Il senatore Pd Carlo Cottarelli, ex commissario alla spending review
Continua il tira e molla sulla legge Fornero. I due leader dei partiti che hanno primeggiato in occasione delle ultime elezioni politiche continuano dichiarare che i requisiti devono tornare quelli della riforma Amato, con l’uscita dal lavoro attorno ai 63 anni: lo ha detto Luigi Di Maio (M5S); dello stesso parere è Matteo Salvini (Lega Nord), che ha ribadito il concetto proprio nelle ultime ore. Il leader del Carroccio ha aggiunto, rifiutando l’idea di un Governo di scopo, che “se uno dicesse cambiamo la legge elettorale, ma anche la legge Fornero, riguardiamo il lavoro e le pensioni va bene. Fare invece un governo che si occupi solo di legge elettorale, no per carità”. Tuttavia, ci sono anche degli economisti che sostengono l’esatto opposto: i requisiti pensionistici non si toccano, perché risultano indispensabili per gli equilibri finanziari del Paese.

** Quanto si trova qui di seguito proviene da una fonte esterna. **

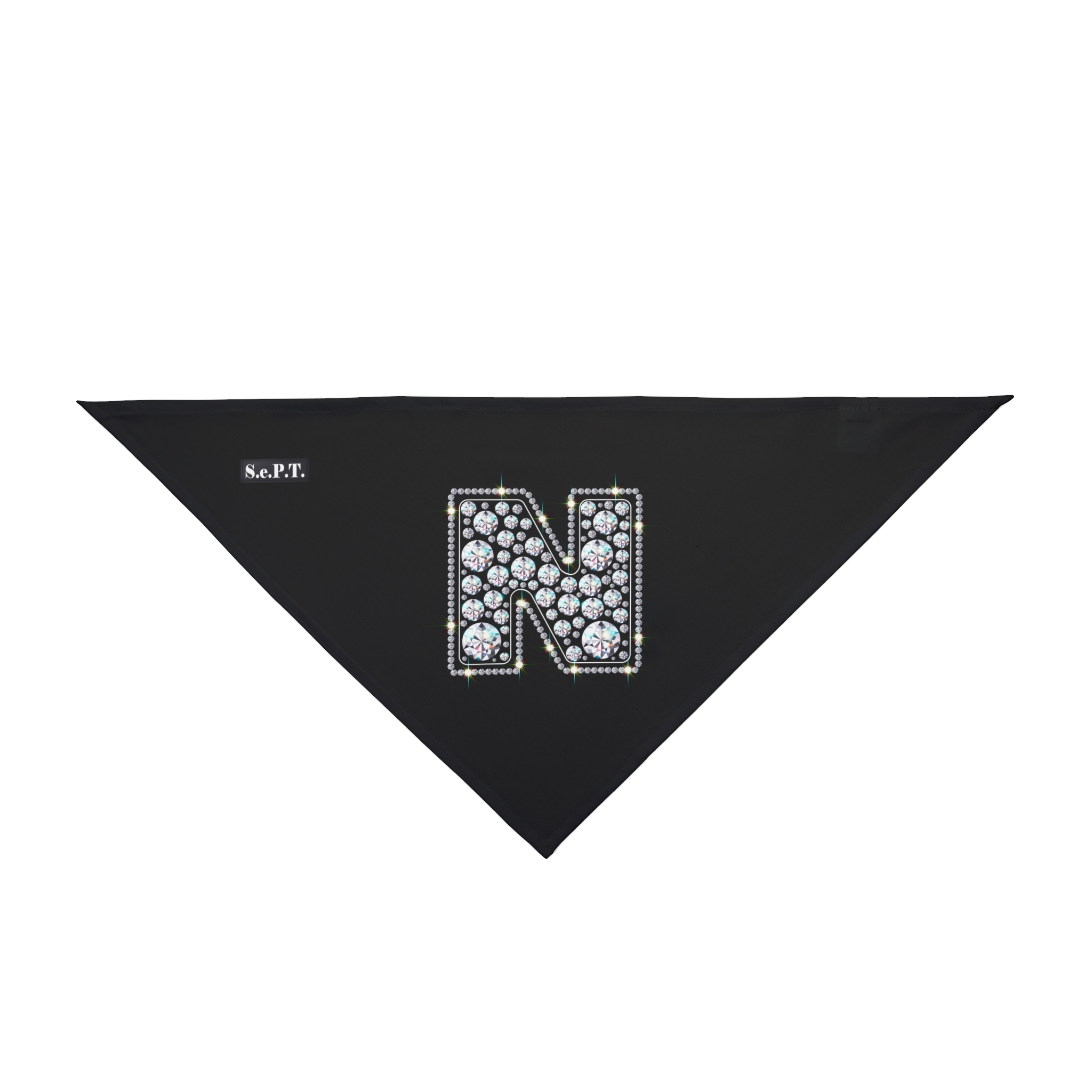 Blingy Initial "N" Pet Bandana - (S.e.P.T.)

Tra questi figura Carlo Cottarelli, esperto del Fondo Monetario Internazionale, che durante un faccia a faccia con Giovanni Minoli, tenuto domenica 8 aprile su La7, ha tenuto a sottolineare che abolire la legge Fornero ci costerebbe “per i primi anni almeno 15 di miliardi l’anno. Bisognerebbe trovare le coperture, ma non è facile”.
Parlando della flat tax, “sembra un po’ difficile fare tutte e due le cose”, ha detto Cottarelli replicando alla domanda del conduttore.

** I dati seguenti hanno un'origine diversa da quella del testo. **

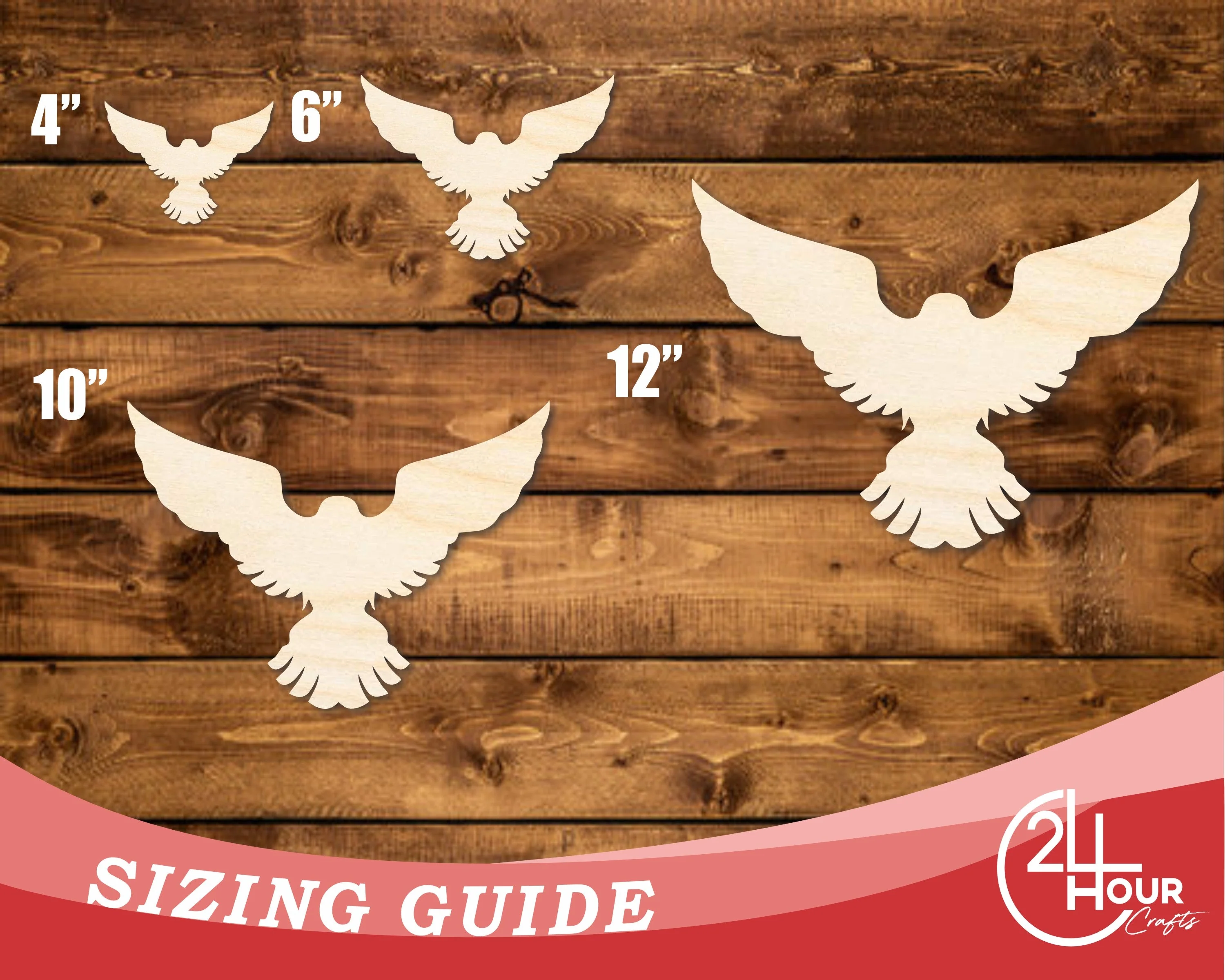 Unfinished Wood Hawk Mascot Shape | DIY Craft Cutout | up to 46" DIY - Image 3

L’ex commissario alla spending review, inoltre, ha detto che “poi dipende naturalmente da come si scrivono i provvedimenti e si possono sempre trovare le coperture. Il debito non deve essere ripagato, deve scendere rispetto al Pil. Se il rapporto tra debito e Pil scende, bisogna evitare il numeratore cioè che aumenti il debito. Non si può fare aumentando il deficit sperando che questo faccia crescere l’economia. Bisogna che il Pil cresca, perché si fanno riforme strutturali”, ha concluso Cottarelli.
Insomma, secondo l’economista i conti pubblici, già in rosso, parlano chiaro: il Paese non può permettersi di mandare in pensione i lavoratori due-tre anni prima. Peccato che per mesi l’80 per cento dei politici, nel corso della campagna elettorale, ci hanno detto l’esatto opposto.